So at first level, if he casts something like Shocking Grasp he'd get two melee attacks (His regular one, and the free touch/melee attack) both at a -2 penalty.
*edit* Grick wrote up a very well laid out guide to touch attacks, spell combat, etc here:
https://paizo.com/threads/rzs2nler?A-Guide-to-Touch-Spells-Spellstrike-and- Spell#1
Spell combat allows him to make a weapon attack and an attack with a spell (both at -2) at first level.
At level two Spellstrike allows him to convert the free touch attack he receives from some spell to a weapon attack.

MrCharisma |

So first things first Worthx is right, you should read
GRICK'S GUIDE (now in link form).
The short version of it is this: As a full-round action the Magus can make all his weapon attacks and cast a spell. If that spell is a touch spell he also gets a free touch attack to deliver that spell.
After level 2, the magus can use his weapon to deliver touch spells, so: As a full-round action the Magus can now make all of his weapon attacks and cast a spell. If that spell is a touch spell he gets a free touch weapon attack to deliver the spell.
This means a level 2 Magus can - as a full round action - cast Shocking grasp AND deliver 2 weapon attacks.
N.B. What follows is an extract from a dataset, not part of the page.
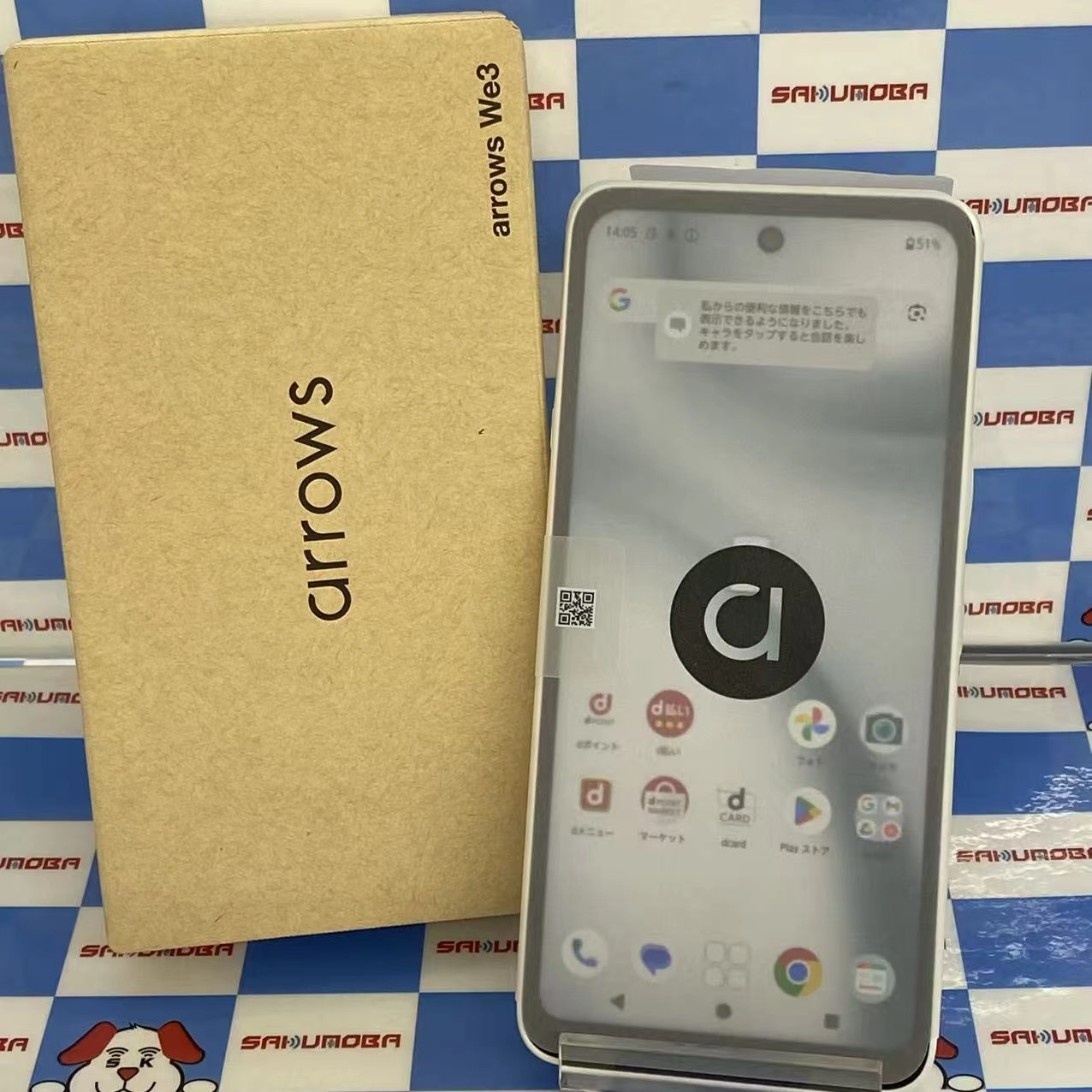 arrows We3 4GB/64GB ホワイト F-52G docomo版SIMフリー 開封未使用品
If either attack hits then the Shocking Grasp is delivered to the enemy (through the first attack that hits). The Shocking Grasp does double damage if the weapon confirms a critical hit.
(Shocking grasp could be any touch spell, that's just the most common)

Chell Raighn |

the simplest way to look at it is with spell combat the magus gets two-weapon fighting with a spell as their off-hand weapon. At level 2, their spell strike lets them deliver touch spells through weapon attacks. While spell combat is a full round action, spell strike is an automatic effect, which means the two can in fact be combined in the same attack.
So the magus uses spell combat, delivers their full iterative attack rotation with a -2 penalty, and at any point in the attack can cast 1 spell as their off-hand attack. They choose to cast a touch spell, like shocking grasp, of they are above level 2 then this triggers spell strike allowing them to forego the normal touch attack accompanied by the spell to instead make another weapon attack, delivering the spell through the weapon if it hits.

MrCharisma |

So the magus uses spell combat, delivers their full iterative attack rotation with a -2 penalty, and at any point in the attack can cast 1 spell as their off-hand attack.
Just a minor nitpick, the spell has to be first or last, so you can't go attack-spell-attack, even if you have +6 BAB.
A magus can choose to cast the spell first or make the weapon attacks first, but if he has more than one attack, he cannot cast the spell between weapon attacks.

MrCharisma |

It’s confusing. I’m pretty sure you could full attack, cast a spell and then still deliver the free weapon attack. So, in that way, you could attack, cast and attack.
Yup, that works.
If you have BAB +6/+1 you can:- Cast a touch spell, then deliver your free
OR
- Attack at +6, then attack at +1, then cast a touch spell, then deliver your free
Or you could do similar things with non-touch spells.
But you can't:
- Attack at +6, then cast a spell (touch or not) then attack at +1.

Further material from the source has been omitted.